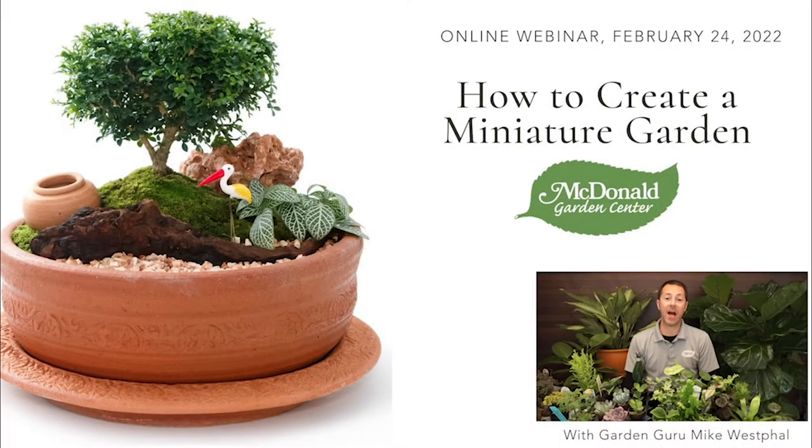Today I'm going to be talking about how to create a miniature garden. One of my favorite things to do is garden in general, but definitely creating anything in a container is one of my passions. I love to do it — it's so much fun. Every time you do one it's unique, it's different, it's creative. Sometimes they're not successful, but a lot of times they are, and we want to help you be successful.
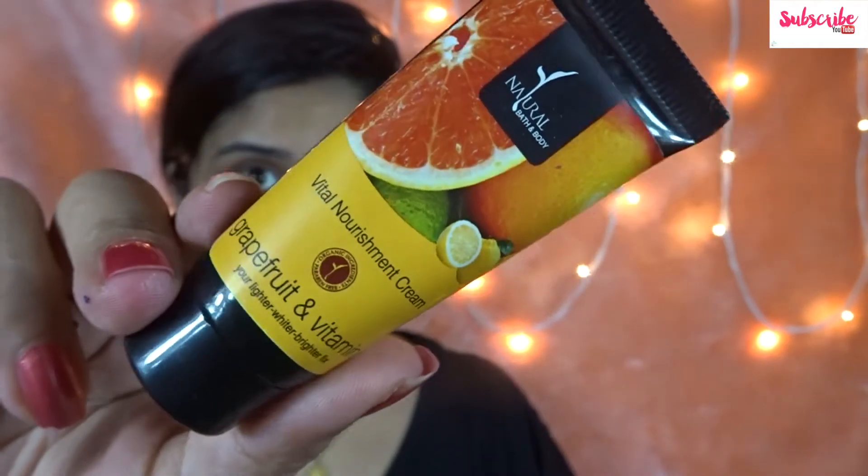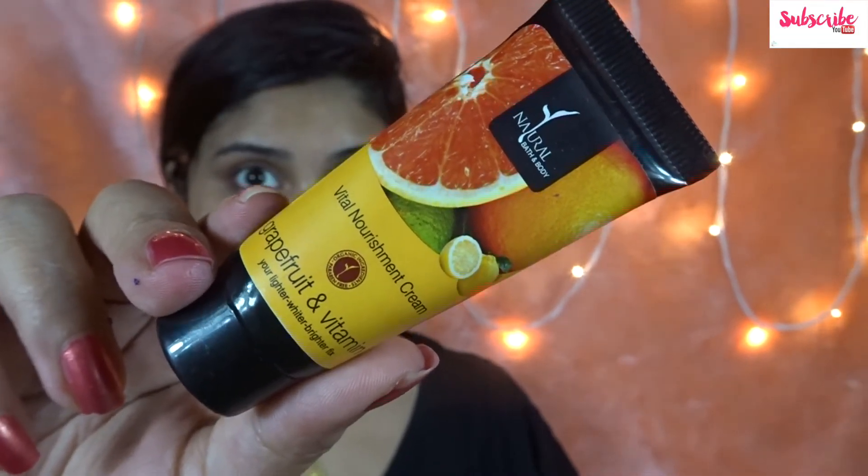Next I'm going to be using this toner — it's the BLCC Rose Water Toner. Along with my toner I'm also going to be using a face moisturizer.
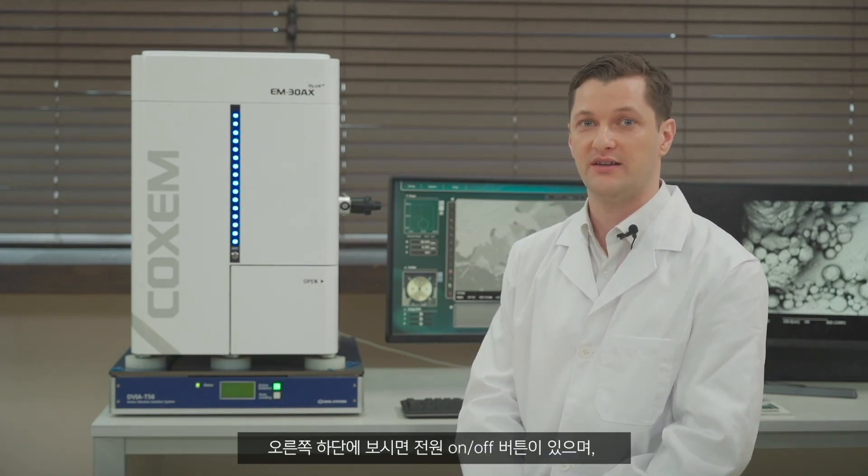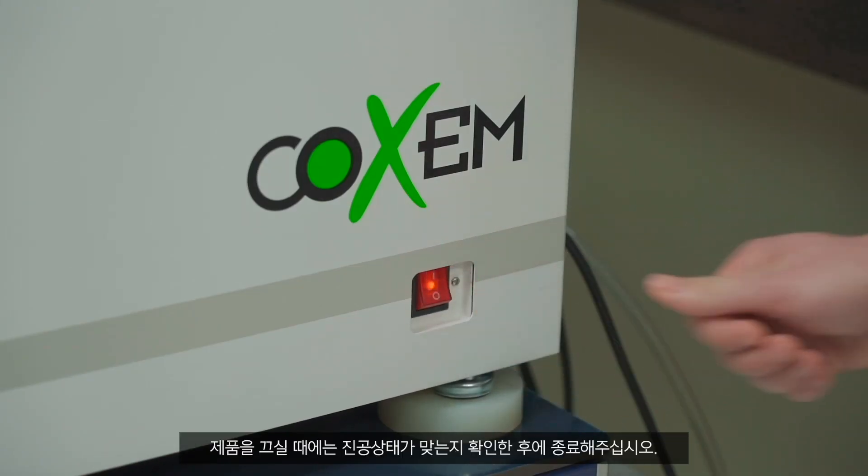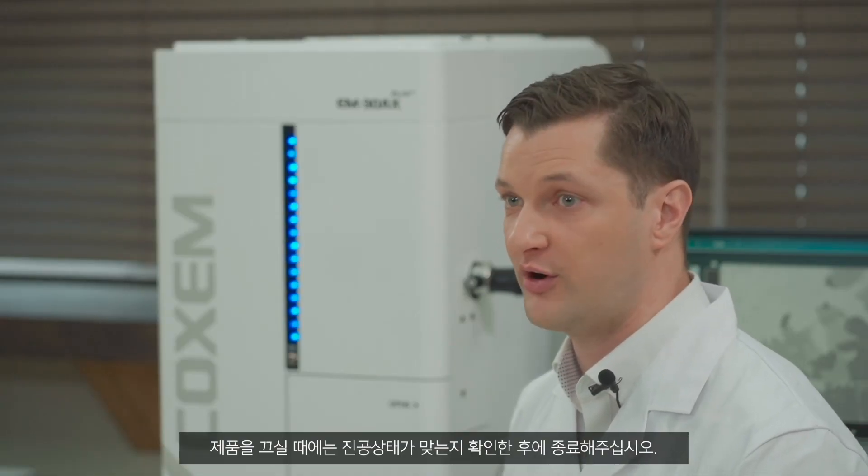The power button is on the right side of the bottom of the microscope. Remember to always make sure that the microscope is in vacuum state before you turn it off.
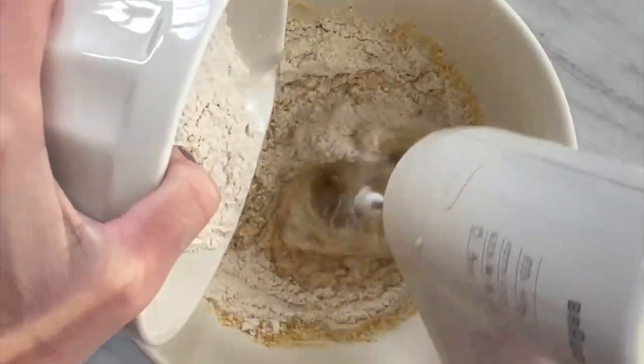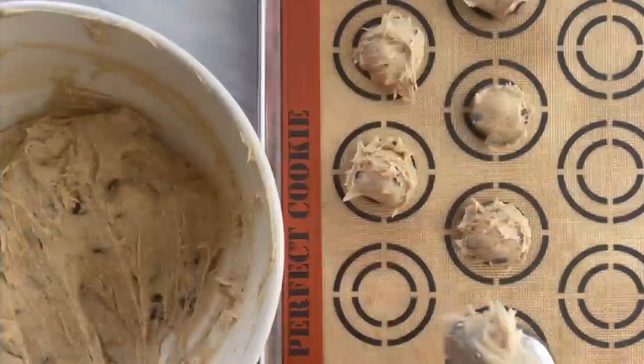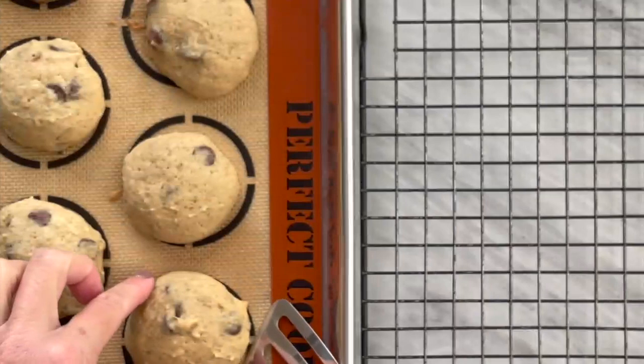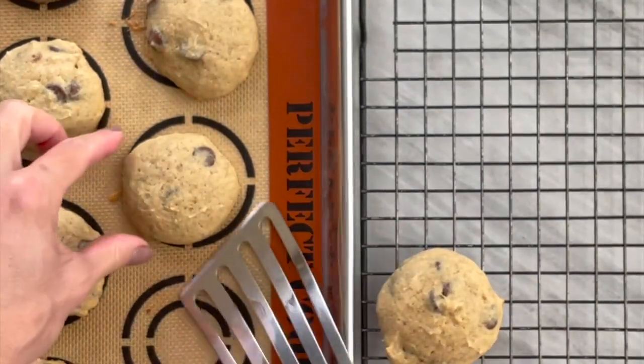Gently stir in the flour mixture, then fold in the chocolate chips. Scoop the batter onto your prepared baking sheet. Bake for about 12 minutes, then allow to cool slightly and transfer to a wire rack.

Work to complete:
The result should be an exact copy of the material, containing no pictures.

Your response:
Today I'm going to be talking about how to create a miniature garden. One of my favorite things to do is garden in general, but definitely creating anything in a container is one of my passions. I love to do it — it's so much fun. Every time you do one it's unique, it's different, it's creative. Sometimes they're not successful, but a lot of times they are, and we want to help you be successful.
Next I'm going to be using this toner — it's the BLCC Rose Water Toner. Along with my toner I'm also going to be using a face moisturizer.
The power button is on the right side of the bottom of the microscope. Remember to always make sure that the microscope is in vacuum state before you turn it off.
Gently stir in the flour mixture, then fold in the chocolate chips. Scoop the batter onto your prepared baking sheet. Bake for about 12 minutes, then allow to cool slightly and transfer to a wire rack.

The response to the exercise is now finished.